-------- Data to process --------

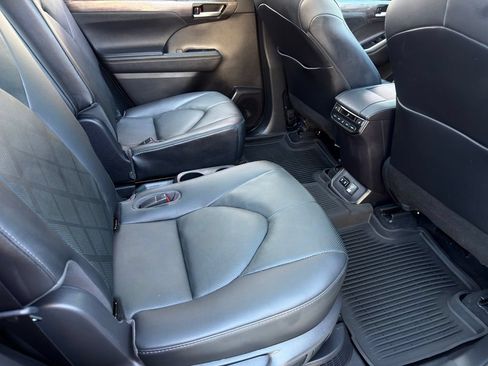 Used 2021 Toyota Highlander Platinum AWD/4WD image 23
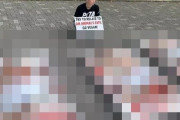 日本のヴィーガン団体、肉フェスで「血のりまみれの半裸女性をパックに詰め”肉：動物の死体”として展示するパフォーマンス」を披露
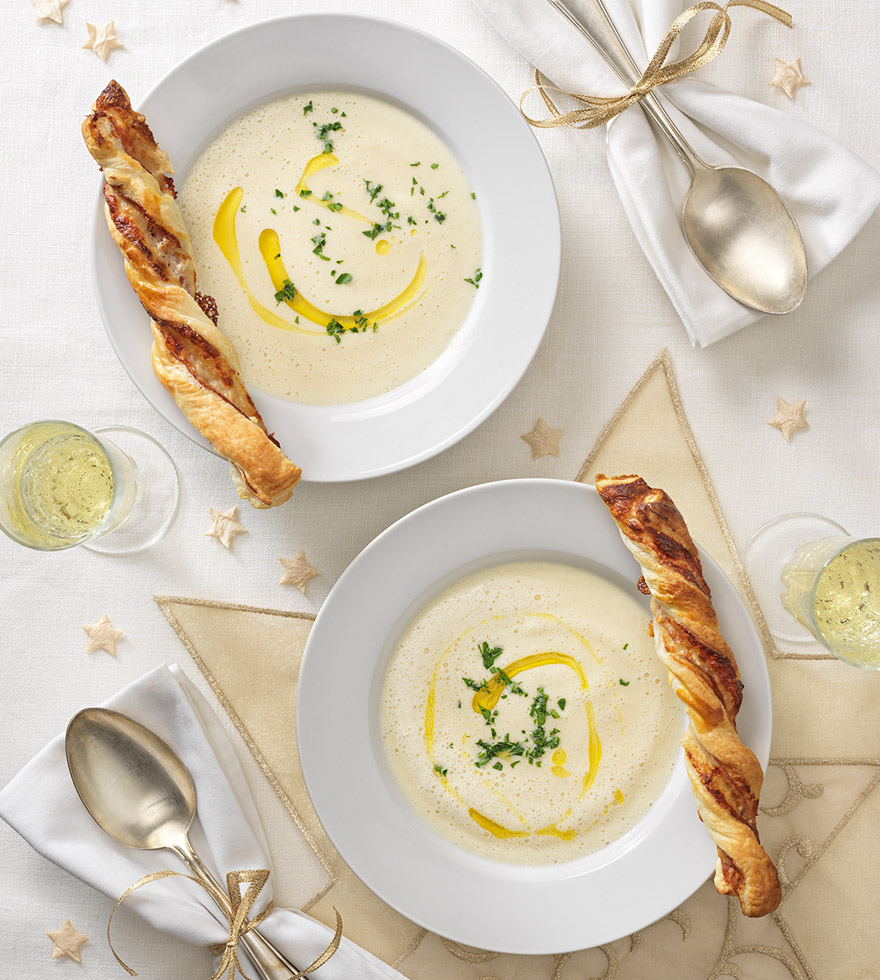 Selleriecremesuppe mit Zimt-Prosciuttostangerl
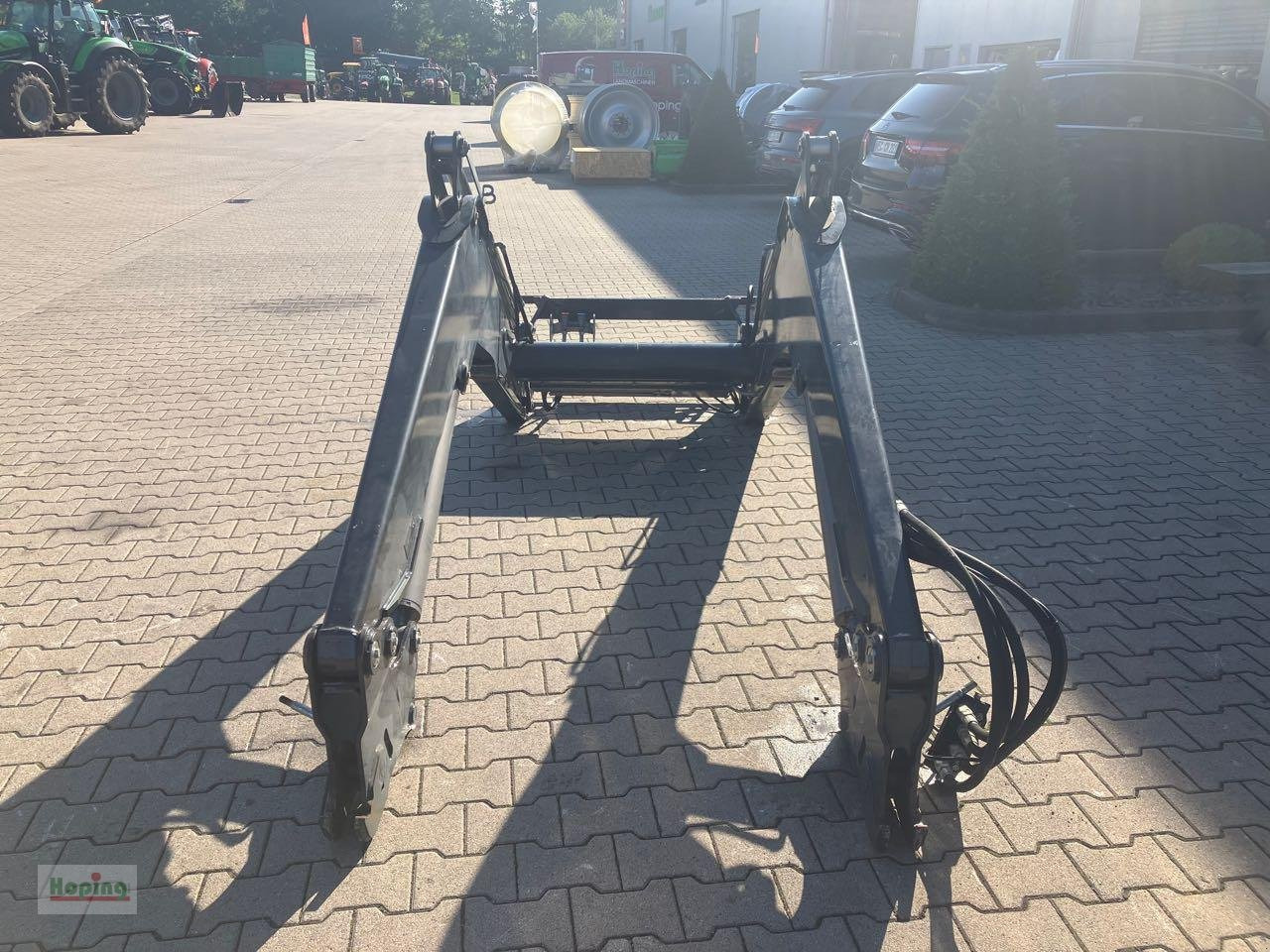 Stoll FZ 60.1 - Homlokrakodó traktorhoz: 2 kép. Stoll FZ 60.1 - Homlokrakodó traktorhoz: 2 kép.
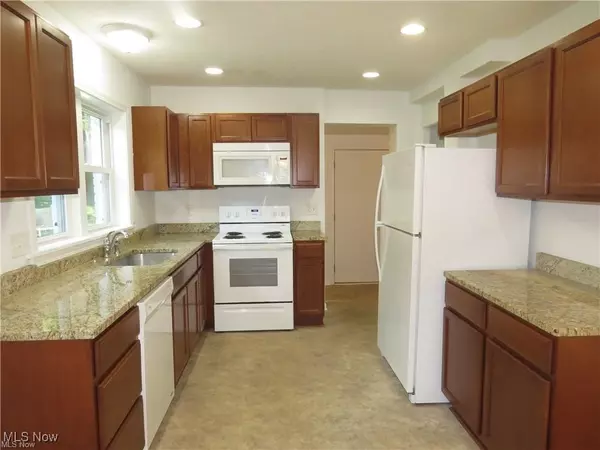 Madison, OH 44057,6424 N Ridge RD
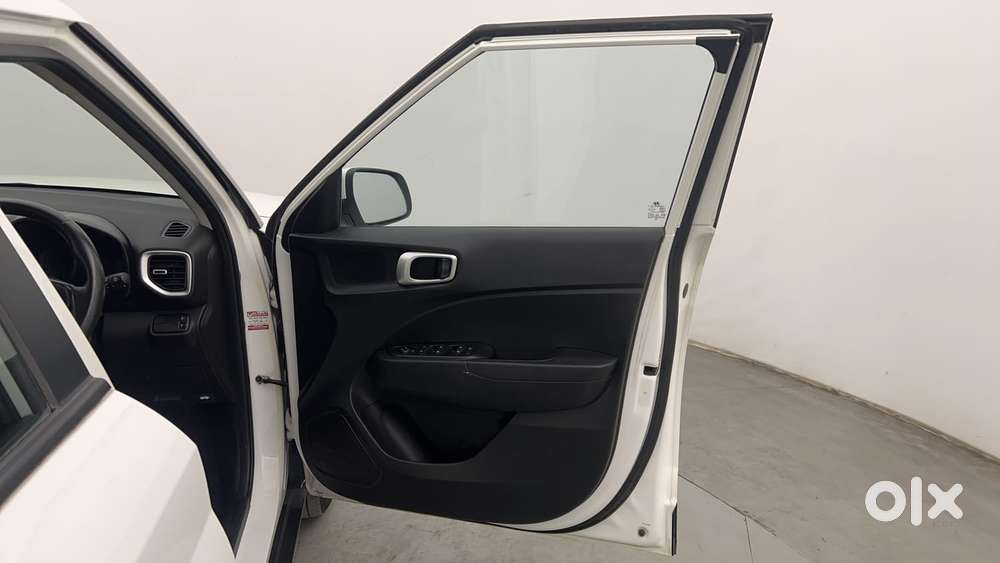 Hyundai Venue 1.2 S Plus, 2022, Petrol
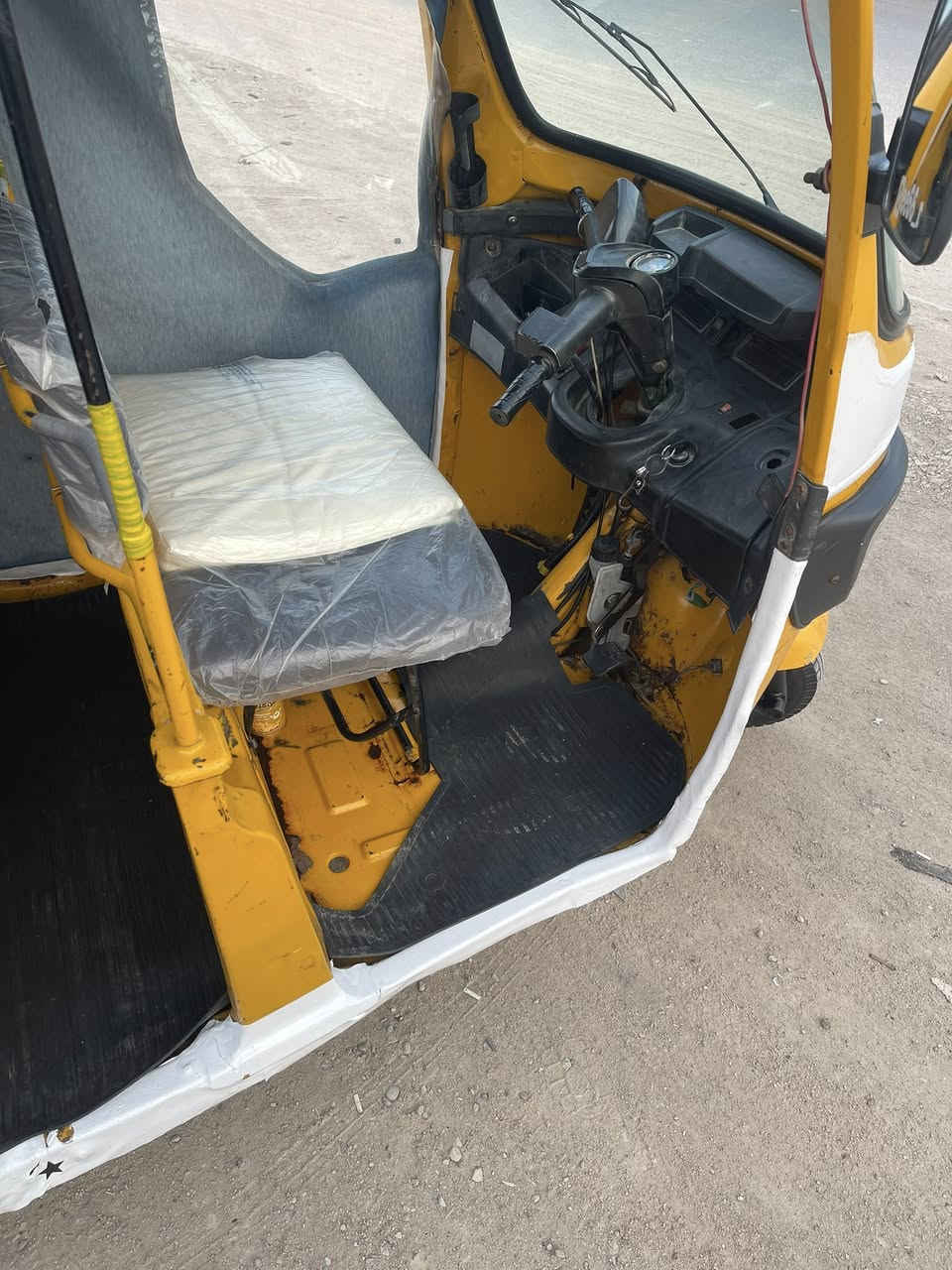 سلام عليكم تكتك تي في اس للبيع مديل 19شهر 12يوم 11داخله بل 20تكتك حلوه ونضيفه وشوف العين ورقم وسنويه تحويل ثاني يوم مكينه مجفته شركه لا تنقص لا تبخر ومكينه ناعمه حلوه كامله كبل لشارع الله شاهد السعر ب5ملاين وبيهه مجال وهاذ رقمي ***********اتصل واني بخدمتك
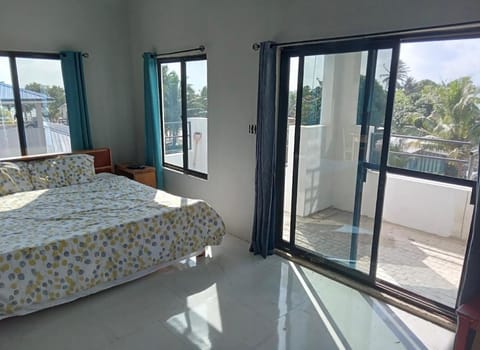 Dove Escapes- 2 bdrm appt in village of Placencia Apartment in Placencia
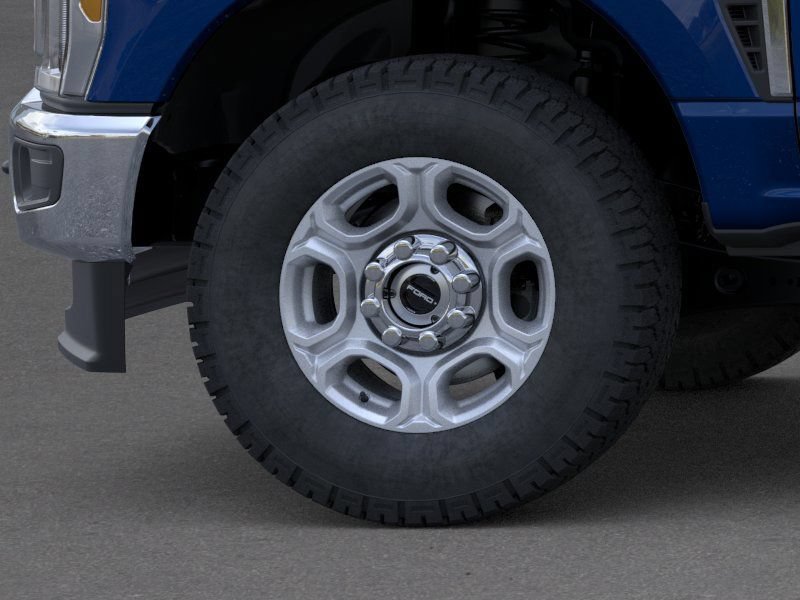 New 2026 Ford F350 XLT w/ FX4 Off-Road Package AWD/4WD image 19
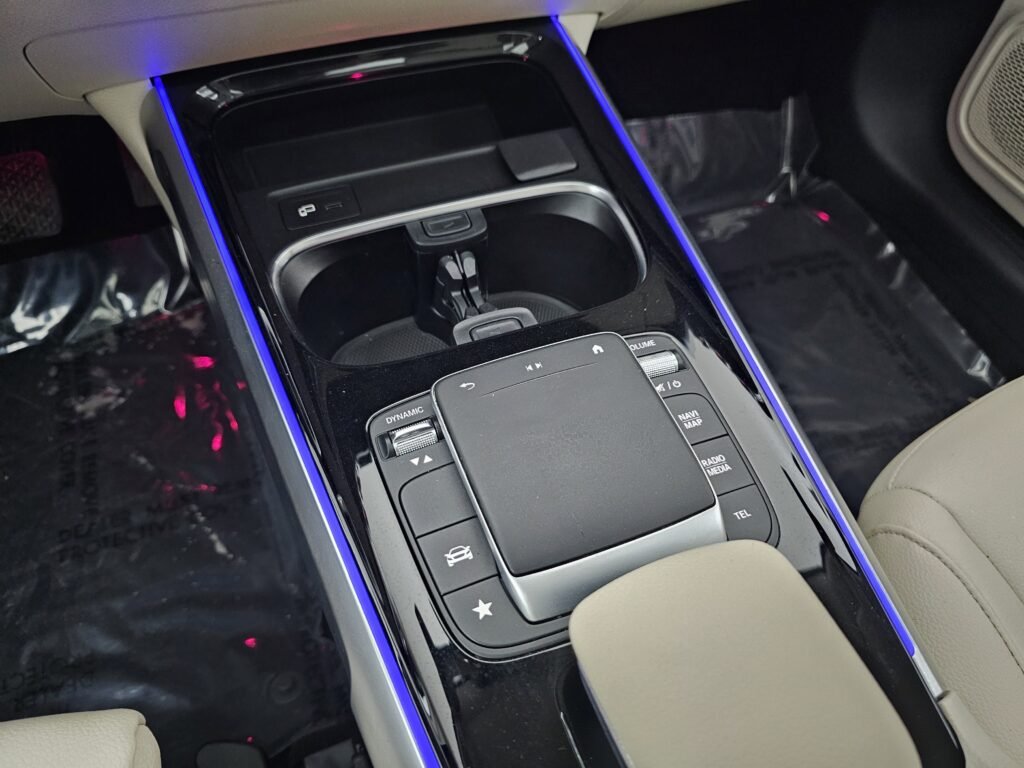 صورة السيارة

--------

● Task goal
Quote every record above exactly, omitting any pictures they contain.

● Your solution
 Used 2021 Toyota Highlander Platinum AWD/4WD image 23
 日本のヴィーガン団体、肉フェスで「血のりまみれの半裸女性をパックに詰め”肉：動物の死体”として展示するパフォーマンス」を披露
 Selleriecremesuppe mit Zimt-Prosciuttostangerl
 Stoll FZ 60.1 - Homlokrakodó traktorhoz: 2 kép. Stoll FZ 60.1 - Homlokrakodó traktorhoz: 2 kép.
 Madison, OH 44057,6424 N Ridge RD
 Hyundai Venue 1.2 S Plus, 2022, Petrol
 سلام عليكم تكتك تي في اس للبيع مديل 19شهر 12يوم 11داخله بل 20تكتك حلوه ونضيفه وشوف العين ورقم وسنويه تحويل ثاني يوم مكينه مجفته شركه لا تنقص لا تبخر ومكينه ناعمه حلوه كامله كبل لشارع الله شاهد السعر ب5ملاين وبيهه مجال وهاذ رقمي ***********اتصل واني بخدمتك
 Dove Escapes- 2 bdrm appt in village of Placencia Apartment in Placencia
 New 2026 Ford F350 XLT w/ FX4 Off-Road Package AWD/4WD image 19
 صورة السيارة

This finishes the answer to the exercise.